Email/login failures due to ldap server overload (Apr 25, 2013)

From ECE Information Technology Services
Revision as of 16:40, 26 April 2013 by Derekp (talk | contribs) (automount problems)
(diff) ← Older revision | Latest revision (diff) | Newer revision → (diff)
Jump to navigationJump to search

Around 3:30pm yesterday (April 24, 2013) the load on our ldap server went up due to the large number of requests. This caused a slow down in ldap responses to our mail and file servers. Today, this slow down caused some login/webmail/email access as well as automounting of home directories on Linux machines to fail.

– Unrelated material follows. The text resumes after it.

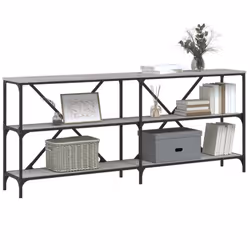 vidaXL Console Table Side Table Sideboard End Table Engineered Wood and Iron - grey sonoma, 180 x 30 x 75 cm/ 1 pcs - Additional view 2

We have deployed an extra ldap server to remedy the problem. As of 3:10pm the new server is up and it seems to reduce the overall load and resolve the problem. If you are experiencing similar problems again (after 4 pm), please let us know via help@ece.ubc.ca.

Thank you.

Update April 26 2013

Home directories (and therefore IMAP mail access) were intermittently inaccessible from April 25 17:00 until April 26 16:00, due to sysadmin error.

While rushing to deploy an additional LDAP server, a change to a configuration file to add some indexes to the LDAP database was accidentally pushed to the LDAP servers. However, the existing LDAP server was not given the command to rebuild its index. Therefore, client machines searching for automount entries would erroneously get empty results — the LDAP server was instructed by its configuration file to rely on an index that had not actually been built.

Of the pair of machines in the pool of LDAP servers, only the original node was afflicted with this problem. The newly deployed machine was built using the new configuration file, and was therefore consistent. Since our load balancer randomly assigns incoming connections to the two nodes, LDAP queries for automount entries had approximately a 50-50 chance erroneously returning empty results.

We apologize for the inconvenience, and thank the users who reported the problem.